Wednesday, July 8, 2015

July 8, 2015 - 1st Official Letter

                                      Courtney's District with the MTC President and his wife.

July 8, 2015
8:04 am

I MADE IT PEOPLE!!

Sao paulo so good (hopefully you get the joke there...)
Well I´m here at the CTM! The flight was long and horrible as expected, but i met up with about 10 other missionaries outside the gate at Atlanta. I thought i was gonna miss my connecting flight cuhs my first one boarded like 30 minutes late but i ran and pushed and shoved just like you taught me mom.
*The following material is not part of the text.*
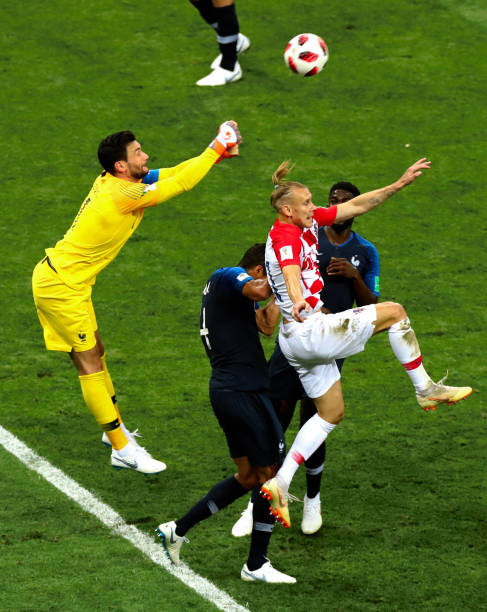 上归功于他 上归功于他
On the flight to Brazil there was this huge youth travel or service group or something with us with matching tshirts. down side: there was a tweener couple makin out in front of me the whole time. also, delta is way sweet and every seat has a mini tv in front of it with all these frree movies to watch...... mission temptation numero 1. I tried out the 3 sentences of portuguese i know on the girl next to me named camille, but either she couldnt understand anything i was saying or she just really didnt want to talk to me haha #strikeout.

Okay Sao Paulo is so awesome, for one thing driving around is so crazy, we took a big sketchy white van from the airport to the mtc and pretty much everyone on the freeway merges whenever the heck they feel like it, even if theres no space in the lane, 2 cars will just share the lane for a little bit, no biggie. oh and theres a zillion little motorcycles that weave in and out of traffic, and drive on the white lines in between 2 lanes and all the cars just make room for them. sao paulo looks a lot like downtown kent mixed with tacoma, lots of old buildings and really intruiging but pretty sketchy. so far all the houses ive seen are sandwiched together, and they all have big gates across their garages or their entire front property and their windows. the CTM is like that big black door that mary kate and ashley open (except its brown) from billboard dad, right on the side of the road and then the big gates open and its like this huge business/hotel looking building.

My companion is Sister Kinnamon, (cinnamon with a K) and she is from Mesa and is super sweet and thoughtful. I like her. She laughs at all my jokes. there are 2 other sisters that came with us but they think they~re hot stuff cuhs they were in the provo mtc for 2 weeks already waiting for visas. whatevs i still have to be nice to them. We all walked into the cafeteria and everyone stared at us çike we were zoo animals so that was cool... We moved into our room so far today and then they let us take a nap which was DA BEST. literally only slept 2 1/2 hours last night cuhs the plane was  so uncomfortable even after i took those dopamine pills or whatever mom gave me for motion sickness. there will be 2 native brazilians sharing our room but we havent met them yet.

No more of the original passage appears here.